Nadie como un adolescente para entender el sufrimiento de otro adolescente. Nadie como un adolescente para hacer sufrir a otro adolescente.

Jesús M. D. tiene 19 años y acaba de empezar sus estudios de Derecho en la universidad. El mayor de dos hermanos, introvertido y reservado, se decantó por la abogacía cuando se dio cuenta de que conocer las leyes podría ayudarle a defenderse y a defender a los demás. Los números nunca le interesaron demasiado, "son un mundo para mí, si yo sumo 2 más 2 me salen 7", bromea casi sin esbozar sonrisa. Sonreír le cuesta. Es un chico serio, demasiado maduro para su edad. Una adolescencia marcada por el acoso escolar, del que fue víctima durante cuatro años, le ha dejado una huella difícil de borrar. Relata su historia de bullying sin restos de rencor, con la esperanza de que su testimonio ayude a otros adolescentes, para concienciar a la sociedad sobre lo que pasa en las aulas.
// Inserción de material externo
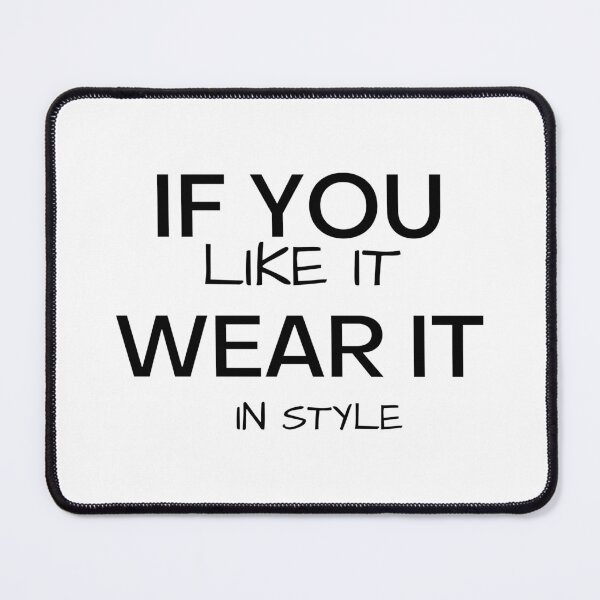 Item preview, FASHION QUOTE designed and sold by Phoebe (meaning radiant) Millie.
Su particular calvario empezó en tercero de la ESO, a la edad de 15 años, con los mismos compañeros con los que creció. "En ese curso, ellos empezaron a salir de fiesta y a beber, así que poco a poco me fui apartando y me convertí en el rarito", recuerda sincero, "yo no era popular, ni fumaba ni bebía". En los cambios de clase, a escondidas de los profesores, empezó a ser objeto de insultos mientras su material escolar desaparecía o era destrozado. Aquel año decidió guardar silencio y aguantar estoicamente los repetidos ataques enfocados contra él y otro compañero que acabó abandonando el centro, un colegio privado de reconocido prestigio.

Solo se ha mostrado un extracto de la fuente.